[YOUR OBJECTIVE] Task for the records below: please retype exactly and only the lines from the first through the one with "Photo 4 from", with every picture omitted.

START SOURCE DATA

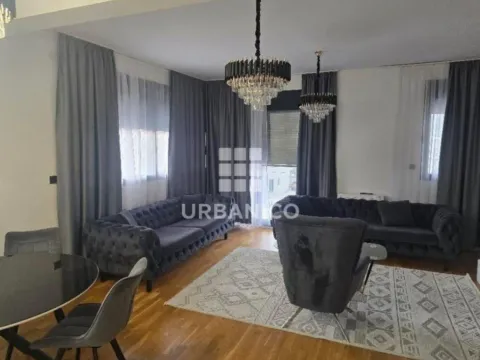 Izdavanje, trosoban stan, 130m², Preko Morače, Podgorica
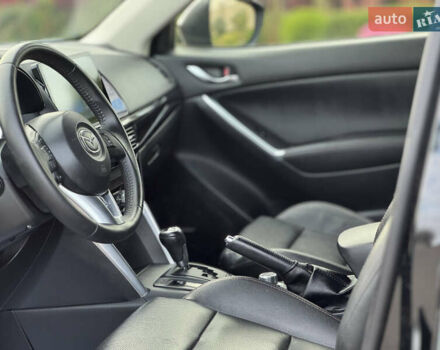 Мазда СХ-5 2014 у Запоріжжя на Automoto.ua Чорний Мазда СХ-5, об'ємом двигуна 2.2 л та пробігом 220 тис. км за 13999 $, фото 38 на Automoto.ua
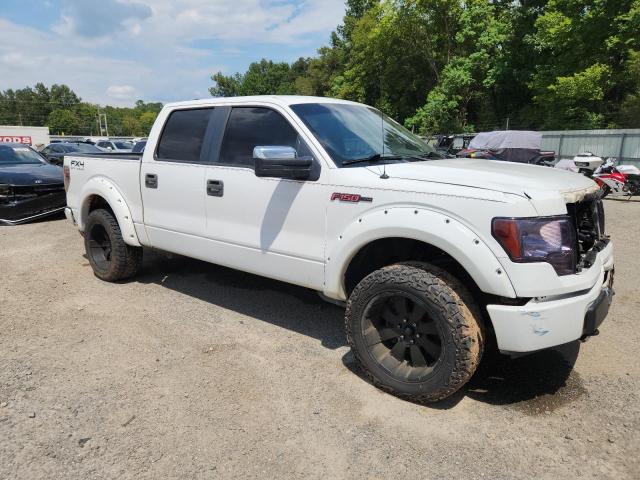Photo 4 from auction – 2010 FORD F150 SUPER with VIN 1FTEW1E82AFD78490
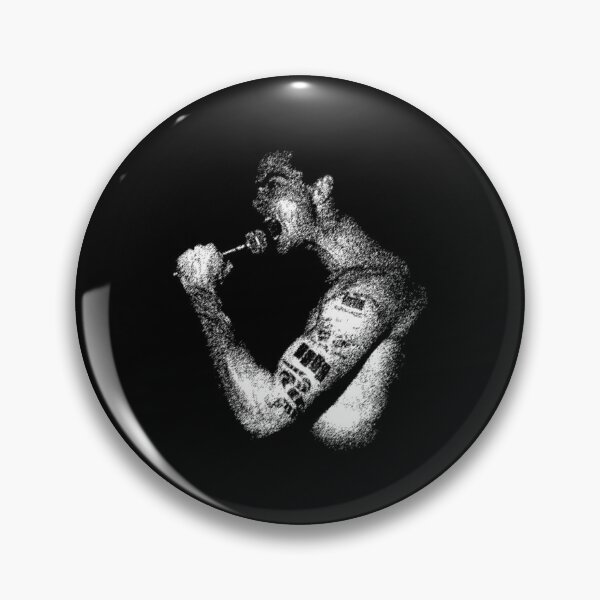 Item preview, Henry Rollins  designed and sold by FoundByDara.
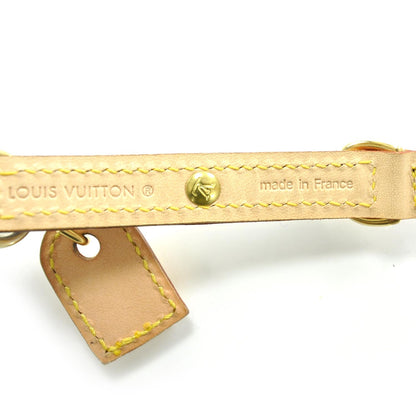 Louis Vuitton Monogram Baxter Dog Collar PM 4 of 5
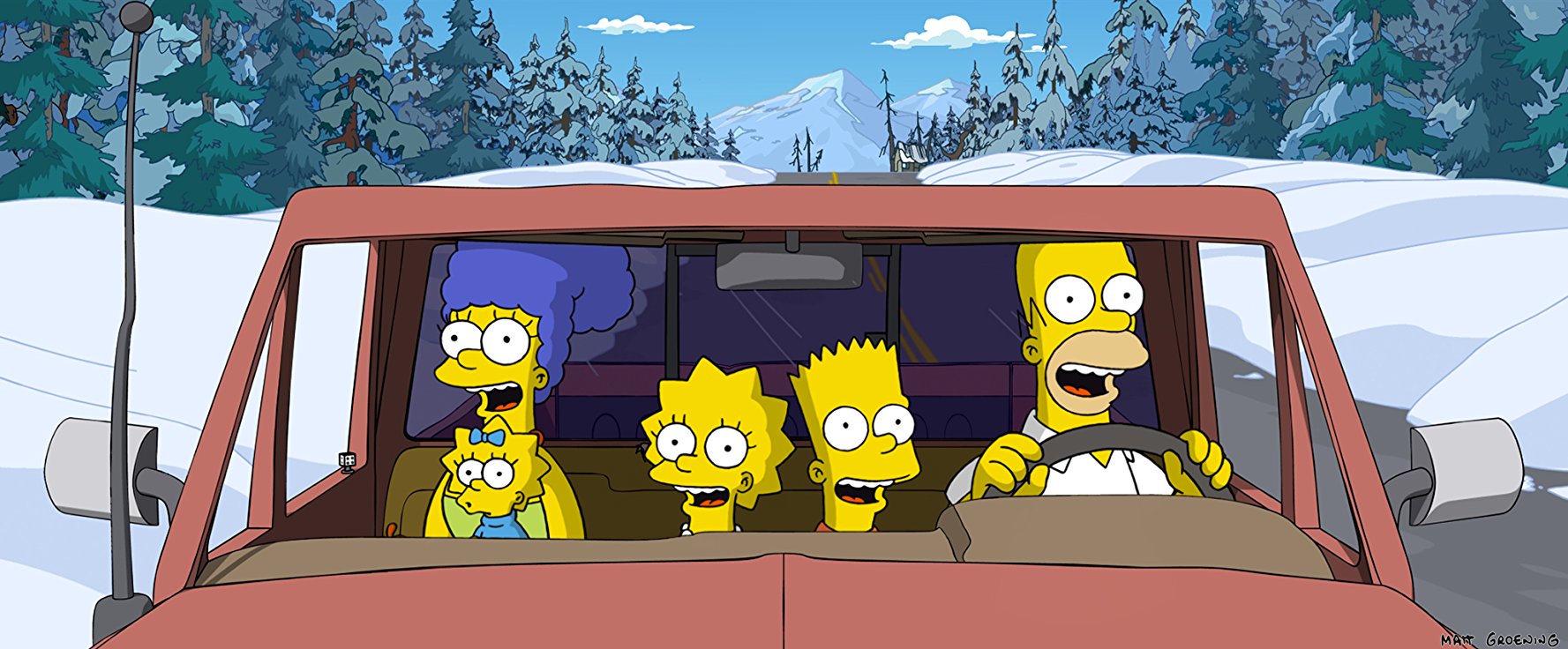 Homer Simpson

END SOURCE DATA

[RESPONSE FOR THIS EXERCISE]
 Izdavanje, trosoban stan, 130m², Preko Morače, Podgorica
 Мазда СХ-5 2014 у Запоріжжя на Automoto.ua Чорний Мазда СХ-5, об'ємом двигуна 2.2 л та пробігом 220 тис. км за 13999 $, фото 38 на Automoto.ua
Photo 4 from auction – 2010 FORD F150 SUPER with VIN 1FTEW1E82AFD78490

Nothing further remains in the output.